Por: Julio Pinto y Carlos Ruiz | Publicado: 31.10.2019
¿No lo vimos venir?: Una nueva Izquierda para un nuevo Pueblo masotto 3 | Foto: Andrés Masotto
El actual estallido como todas las protestas y movilizaciones anteriores dejan en claro que el malestar social y el repudio al neoliberalismo no tienen por qué ser patrimonio exclusivo de los sectores materialmente más golpeados por él. Hay otras actorías, otras identidades y otras luchas que no se remiten prioritariamente a la estructura de clases ni a la explotación económica, sino a referencias étnico-culturales, relaciones de género, reivindicaciones territoriales y defensa medioambiental. Obviamente, una nueva propuesta izquierdista debe también incorporar esas demandas, como en alguna medida ya lo ha venido haciendo.

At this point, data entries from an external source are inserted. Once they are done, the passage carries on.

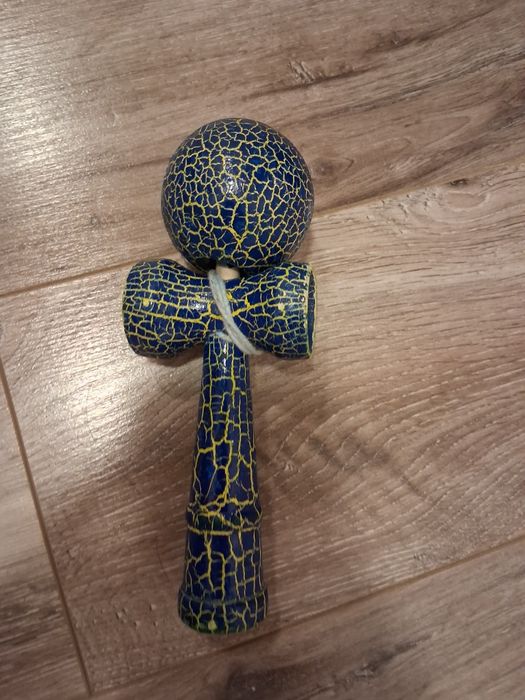 Kendama albastra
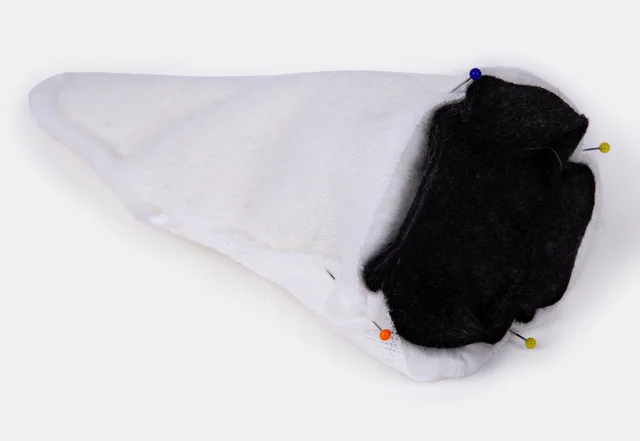 Anleitung für Wichtel Körper an Bodenteil stecken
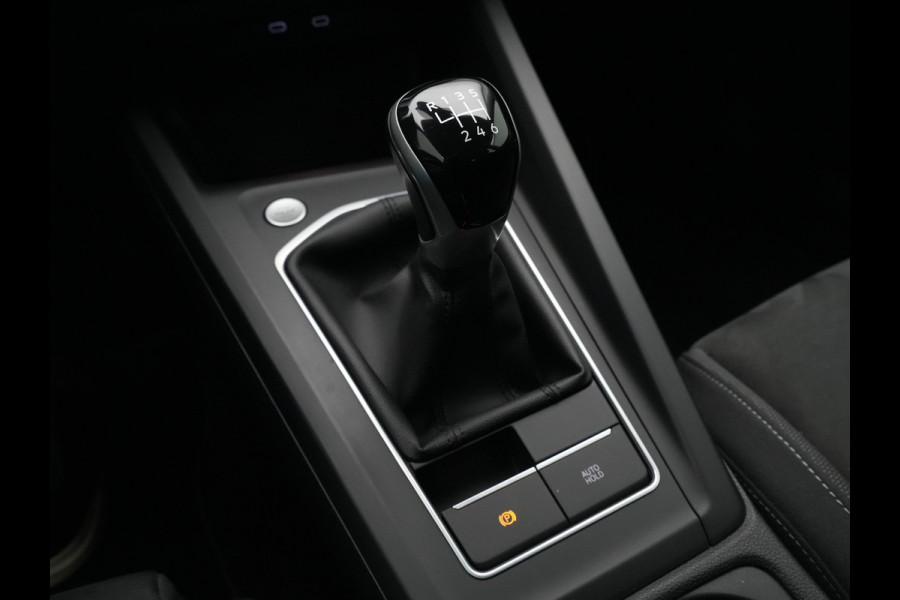 Volkswagen Golf 1.5 TSI 130pk Life Business Navigatie Trekhaak Stoelmemory Camera Stoel/stuurverwarming Carplay 217 Volkswagen Golf 1.5 TSI 130pk Life Business Navigatie Trekhaak Stoelmemory Camera Stoel/stuurverwarming Carplay 217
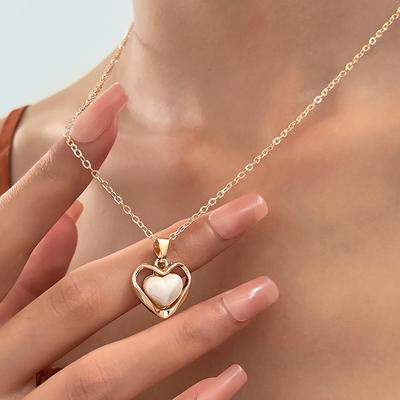 Hochwertige einfache Liebesanhänger-Halskette Französische Retro-Herzform hohler Perlenanhänger Leichte Luxus-Schlüsselbeinkette Frauen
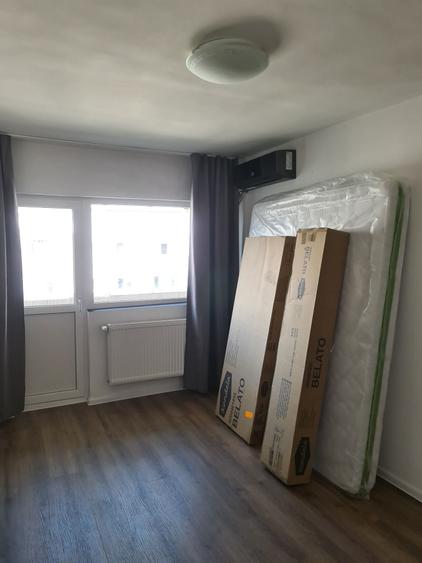 Garsonieră semidecomandată în Gorjului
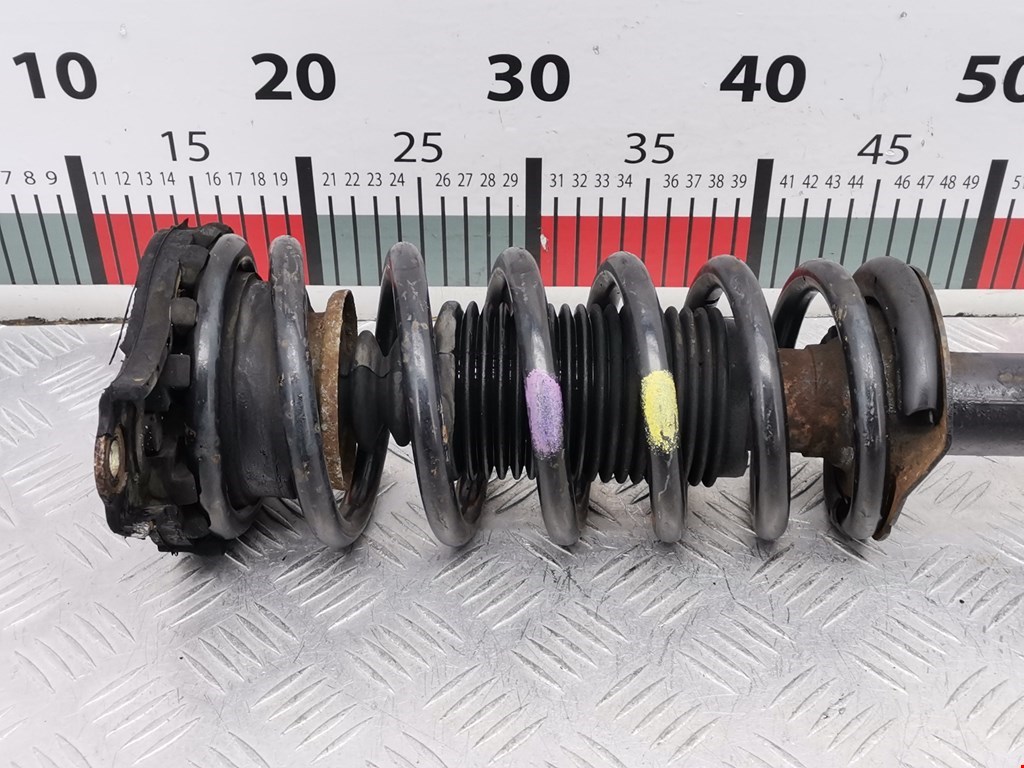 Амортизатор задний левый NISSAN Primera P11 1996-2002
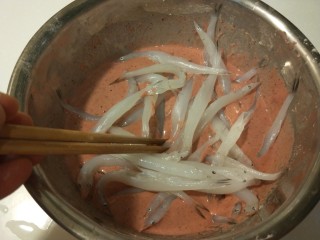 干炸小黄鱼,搅拌均匀，叫银鱼裹满料糊。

Es verdad que no supimos cuándo pasaría, ni a partir de qué.  Tampoco nos imaginamos la rapidez con la que se propagaría, ni la masividad que llegó a alcanzar.  Pero las condiciones para un estallido social estaban claramente presentes desde hace mucho tiempo: en la sociedad fracturada y desprotegida que emergió de la dictadura, y que los gobiernos posteriores no han podido o no han querido reparar.  En la pérdida o la mercantilización de los derechos sociales. En el fomento de la atomización social y del desentenderse de los demás.  En la desconexión entre la política y la sociedad, y la claudicación por parte de la primera de representar y resolver las demandas de la segunda. En la soberbia indignante de la riqueza y del poder.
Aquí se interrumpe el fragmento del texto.